Apalagi dalam beberapa kasus anarki, kerap berawal dari aksi saling ejek antar dua kelompok yang bertikai. Walaupun dengan alasan perang sarung menjadi faktor utamanya. Namun, fenomena ini hanya didapat ketika bulan Ramadhan tiba. Setelah itu, tidak ada lagi terdengar istilah perang sarung, yang kemudian dapat diidentifikasi sebagai budaya pada waktu tertentu saja.
Pergeseran makna inilah yang secara lambat laun membuat tradisi perang sarung ini memudar dengan sendirinya. Apalagi banyak jenis permainan lain yang menjadi alternatif anak-anak dikala Ramadhan tiba.

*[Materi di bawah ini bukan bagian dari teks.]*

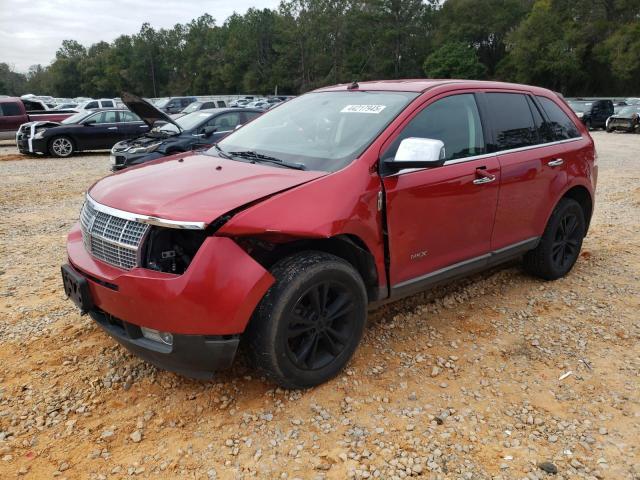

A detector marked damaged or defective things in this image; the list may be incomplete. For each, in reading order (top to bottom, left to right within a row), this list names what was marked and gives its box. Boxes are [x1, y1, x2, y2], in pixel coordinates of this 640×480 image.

Terlebih jika pak ustad sudah melarang dan menegur anak-anak, so pasti permainan ini pun urung dilakukan di sekitar area ibadah.

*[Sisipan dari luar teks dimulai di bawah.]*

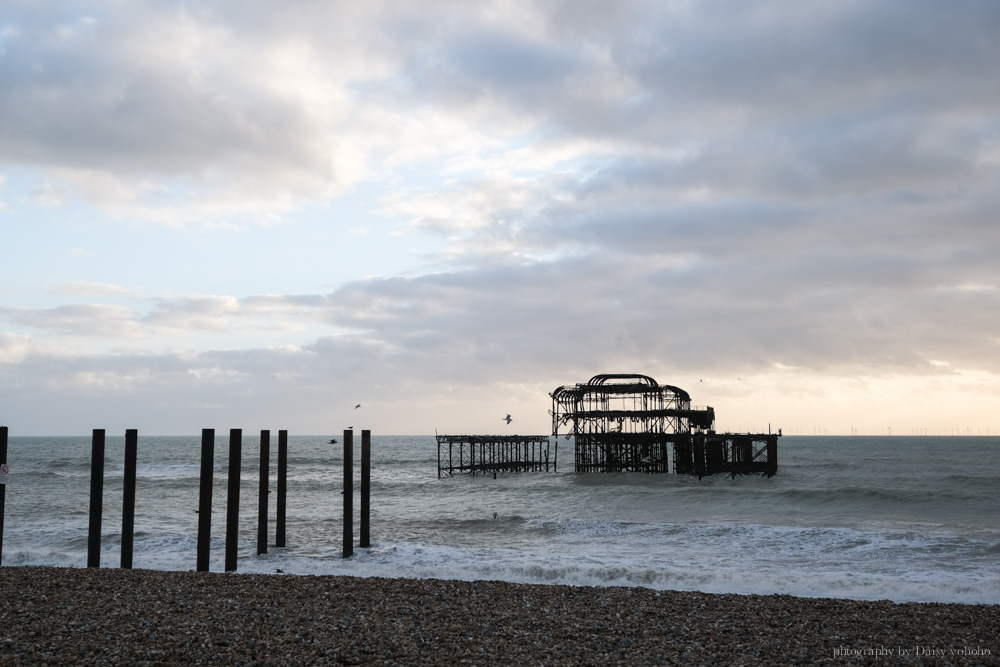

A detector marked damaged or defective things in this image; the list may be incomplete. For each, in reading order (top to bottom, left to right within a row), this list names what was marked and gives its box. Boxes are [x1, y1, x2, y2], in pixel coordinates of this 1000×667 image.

Di beberapa daerah, perang sarung ini juga diidentifikasi sebagai bagian dari budaya lokal yang selalu dilestarikan. Seperti di daerah Sulawesi, dimana Tarung Sarung diidentifikasi sebagai bagian dari upaya penyelesaian masalah. Tradisi yang dikaitkan dengan ritual ini dikatakan kerap memakan korban jiwa dari para pemainnya.
Jika kita melihat unsur sarung, yang dijadikan simbol senjata atau konsep perlawanan. Tentu sangat berkaitan dengan simbol-simbol kaum santri pada masa perjuangan dahulu. Maka, tidak heran jika istilah perang sarung dianggap sebagai simbol dari keberanian. Asal dilakukan dengan pemahaman tradisi yang positif dan edukatif.
Salam damai dalam tebar hikmah Ramadhan, terima kasih.